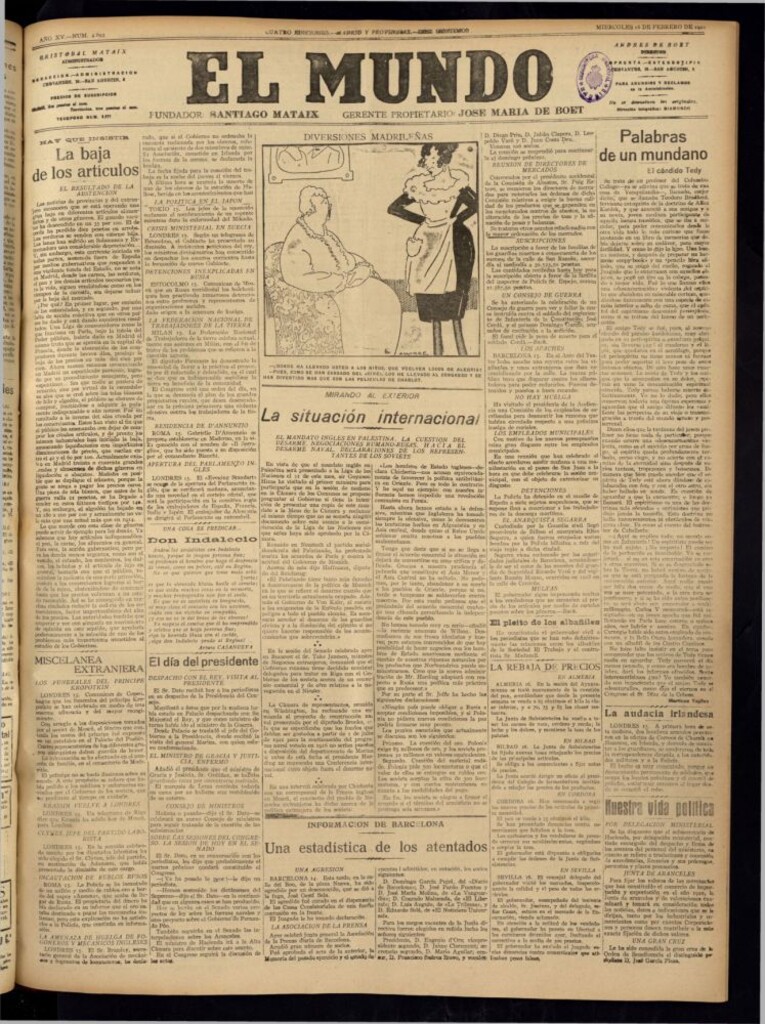 Miniatura de El Mundo del 16 de febrero de 1921 (edición de provincias)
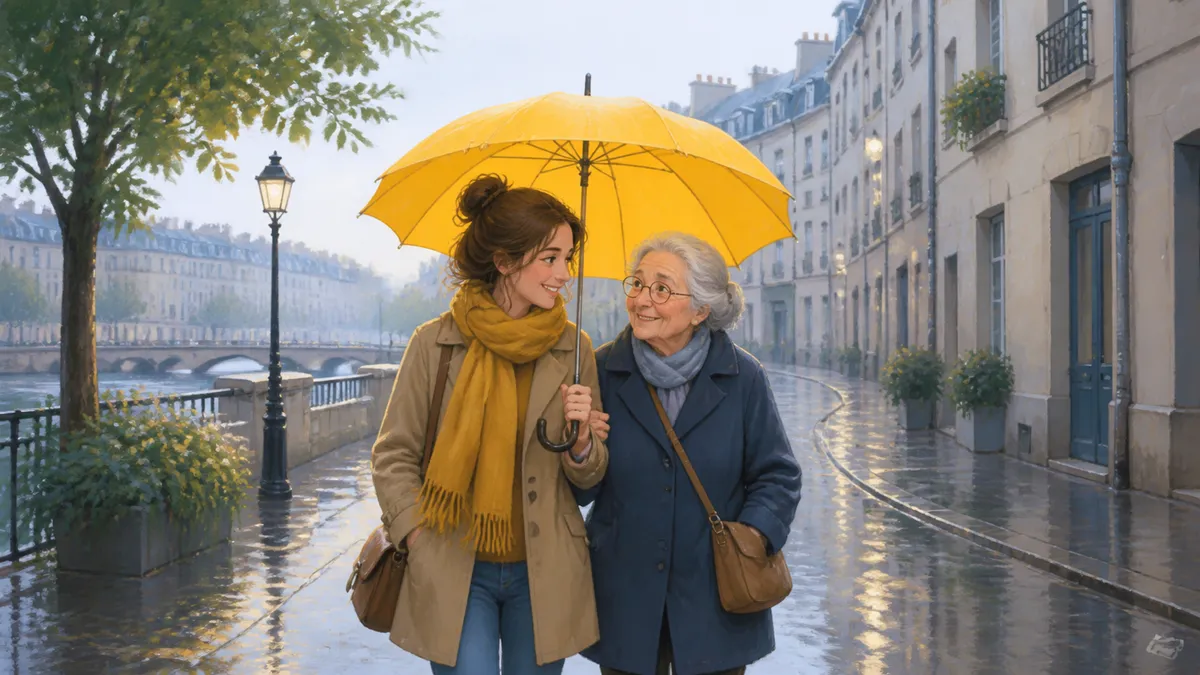 Une jeune femme et une dame âgée marchent ensemble sous un parapluie jaune par temps de pluie.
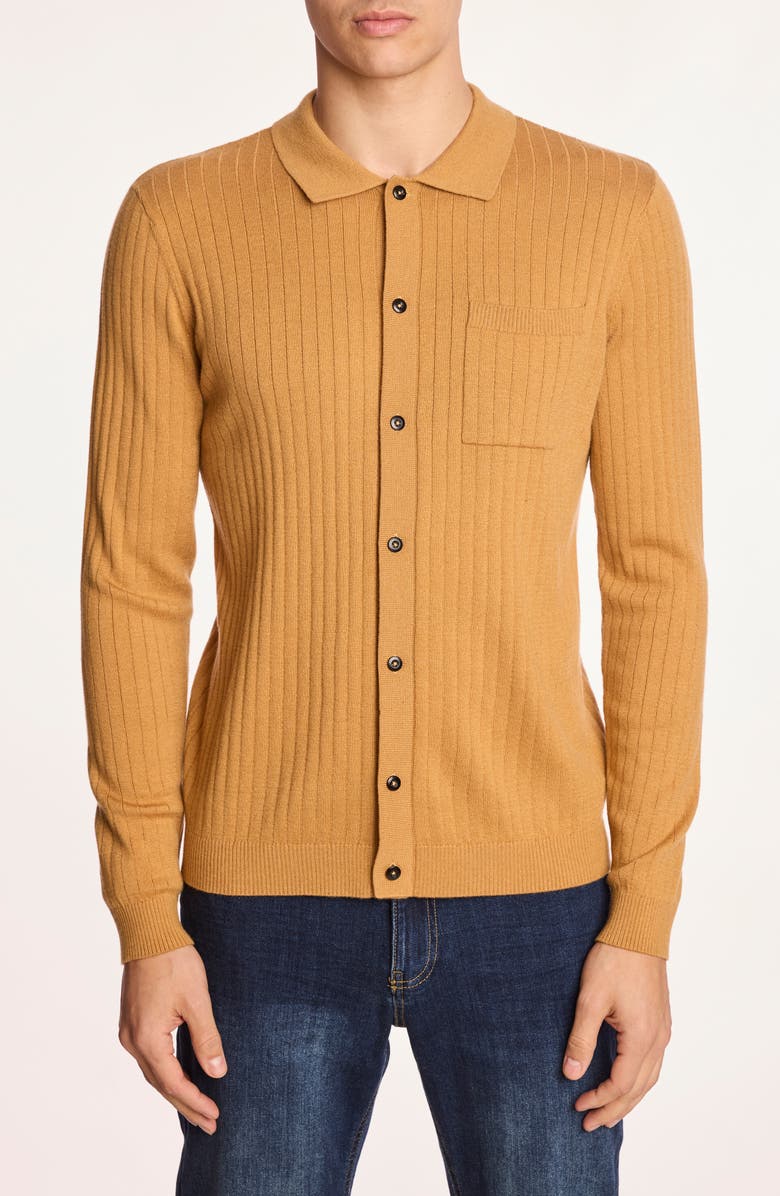 PAISLEY & GRAY Rib Button-Up Polo, Main, color, Peanut Butter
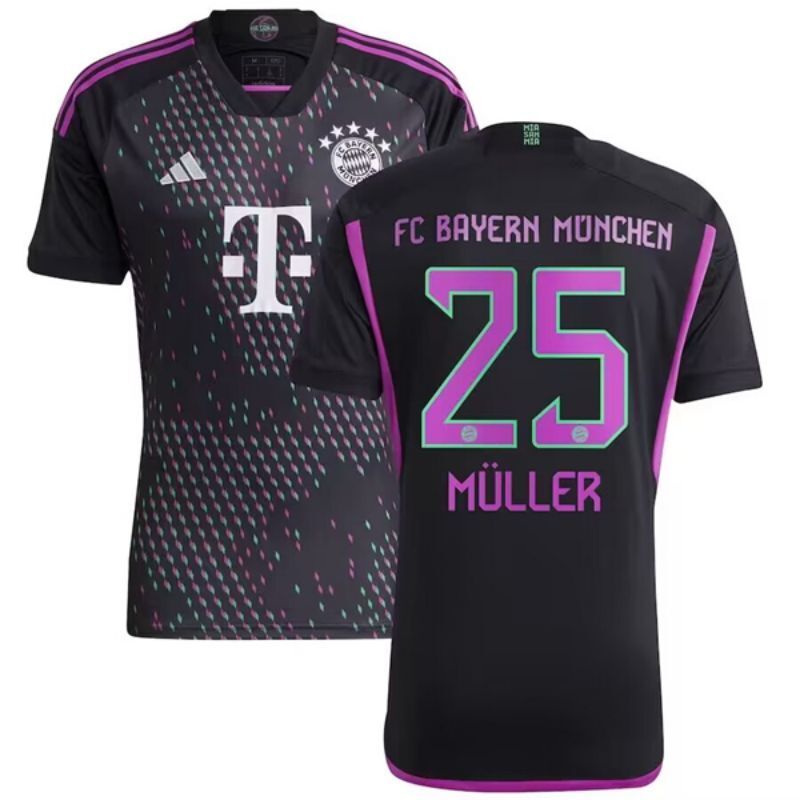 bayern münchen #25 fc bayern müller black 2023 24 away soccer jersey sports jersey product view 1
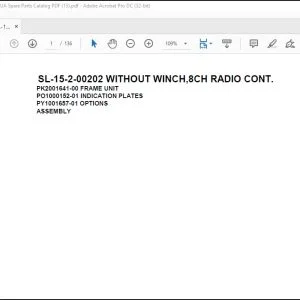 Tadano Crane SL-15-2-00202 WITHOUT WINCH,8CH RADIO CONT Spare Parts Catalog Manual - PDF DOWNLOAD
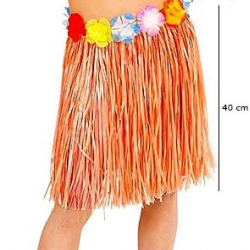 Yetişkin Ve Çocuk Uyumlu Turuncu Renk Püsküllü Hawaii Luau Hula Etek 40 Cm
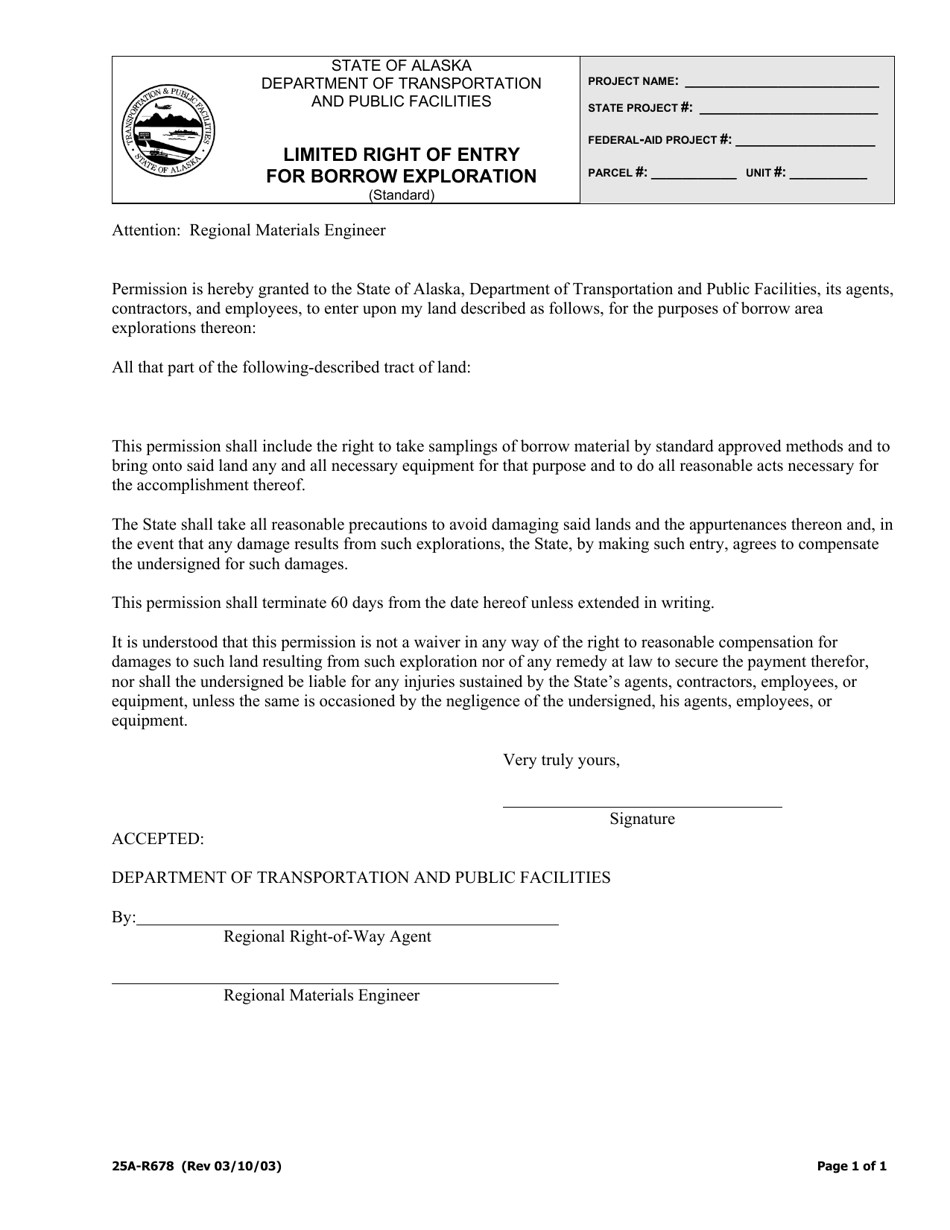 Form 25A-R678 Limited Right of Entry for Borrow Exploration (Standard) - Alaska, Page 1
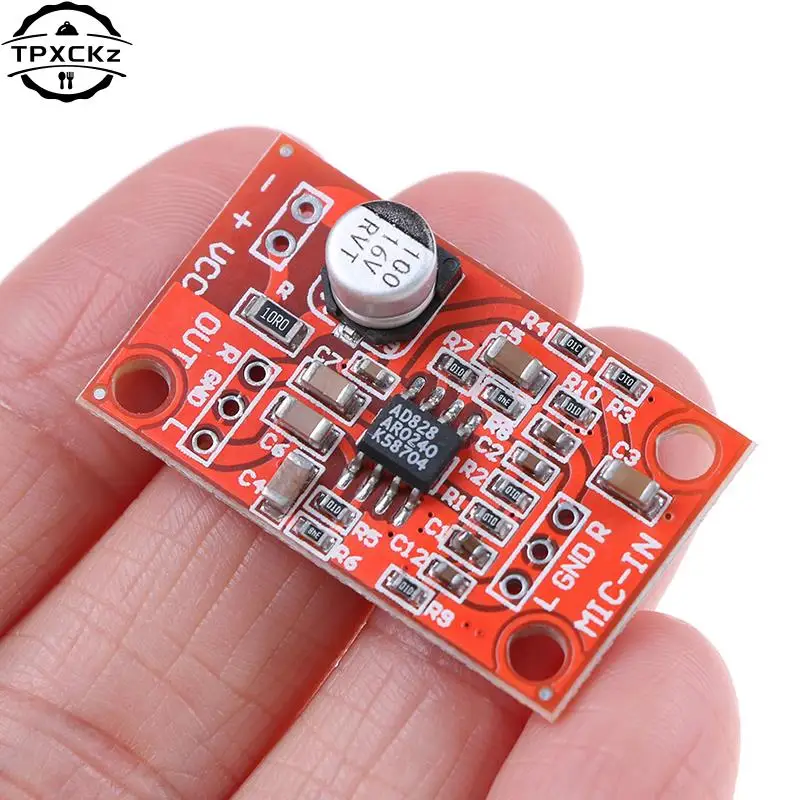 High Quality DC 3.7V-15V 12V AD828 Stereo Dynamic Microphone Preamplifier Board Mic Preamp DC 3.7V-15V 12V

┄┄┄┄┄┄

● **Task description**:
Give again, word for word, only the lines from the one with "Yetişkin Ve Çocuk" through the last line of the entries, both included; no pictures go in the copy.

● **Exercise answer**:
 Yetişkin Ve Çocuk Uyumlu Turuncu Renk Püsküllü Hawaii Luau Hula Etek 40 Cm
 Form 25A-R678 Limited Right of Entry for Borrow Exploration (Standard) - Alaska, Page 1
 High Quality DC 3.7V-15V 12V AD828 Stereo Dynamic Microphone Preamplifier Board Mic Preamp DC 3.7V-15V 12V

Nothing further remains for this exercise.